Standing in the middle. Expressing uncertainty. How pathetic, wishy-washy liberal and cop-out is that?

For the avoidance of doubt, when I say “Oi! JK Rowling! Wind yer neck in!” the request is directed at anyone who finds themselves becoming overheated in this heated debate.

There are a lot of them out there. First through the doors is the common sense lobby. The ones who say we should not be wasting time on such things when there is real work to be done, like tackling poverty or fixing what ails the NHS.

It is however possible to do more than one thing at once. To tackle injustice and fight prejudice wherever they rear their heads. This is why we band together as a society and elect governments. We want stuff done and we cannot do it as individuals.

Now, you may not like this society of ours, you may wish it would pull its finger out and be better than it is. You might even think there is no such thing as society. But it is there, and you notice when it crumbles.

Anyone who thinks scrapping this bill will make even the tiniest dent in the amount needed to eradicate poverty doesn’t understand the scale of the problem. The naysayers are right to some extent. Everything comes down to money and power. Who has it, who does not. Which brings us to JK Rowling and her part in the debate. Brace yourselves here for one of those whiny, pinko, on the one hand then the other statements.

As a feminist I never thought I’d see the day when people, mostly men, tried to roll back the progress women have fought and died for. There are angry men out there who want women to wheesht and we cannot drop our guard for a second.

JK Rowling has played a huge part in leading the pushback against those who would do women wrong. I praise her for that and support her in that fight. Yet there is something about her approach lately that is starting to bother me.

Maybe it is the imbalance of power. Not between her and the Scottish Government, it is big enough to look after itself. It’s an underdog thing. A rich woman with money enough to hire lawyers whenever she chooses, Ms Rowling takes no nonsense from anyone. Good for her. Not everyone can command the front pages as she does, though.

Next, I’m not sure about some of those who are rushing to be on her team. When I approach an argument I look to see who I will be standing beside. It is not the only consideration but it matters. Do I really want to be on the same side as Rishi Sunak and Alister Jack?

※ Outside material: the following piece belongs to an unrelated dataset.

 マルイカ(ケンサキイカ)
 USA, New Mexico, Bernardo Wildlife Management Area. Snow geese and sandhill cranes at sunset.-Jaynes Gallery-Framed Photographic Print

The latter said Scotland was famous for its “irreverent sense of humour and a love of robust debate” but that “this authoritarian Nationalist administration will crush these great traits of ours.” Are you kidding Mr Jack? How is your mate Boris, the one you stood in the street cheering when he was hoofed out of office? The one who prorogued parliament?

I also have a soft spot for those who wax lyrical about the Scottish Enlightenment and the days we led the world in free speech. That will be the same Enlightenment in which women did not have the vote and the poor were left to rot. Yes, let us jump in the DeLorean and get back to those good old days.

Regarding those columnists on what we used to call “London-based papers” saying how sorry they are that Scotland should be living under the yoke of wokery, save it, pals. As the man with the paintbrush said in Local Hero, are there two gs in bugger off?

Here just about endeth this plea from a wishy-washy liberal. No answers advanced, no clever compromises suggested. Just a plea for everyone to steady the buffs, and let us see what happens.

One last thing before I head off to bag those discounted Easter eggs. In becoming so worked up about hate crimes, doesn’t this show, to Scotland’s credit, how much we care about doing the right thing? If this is a test of tolerance, we might just have passed.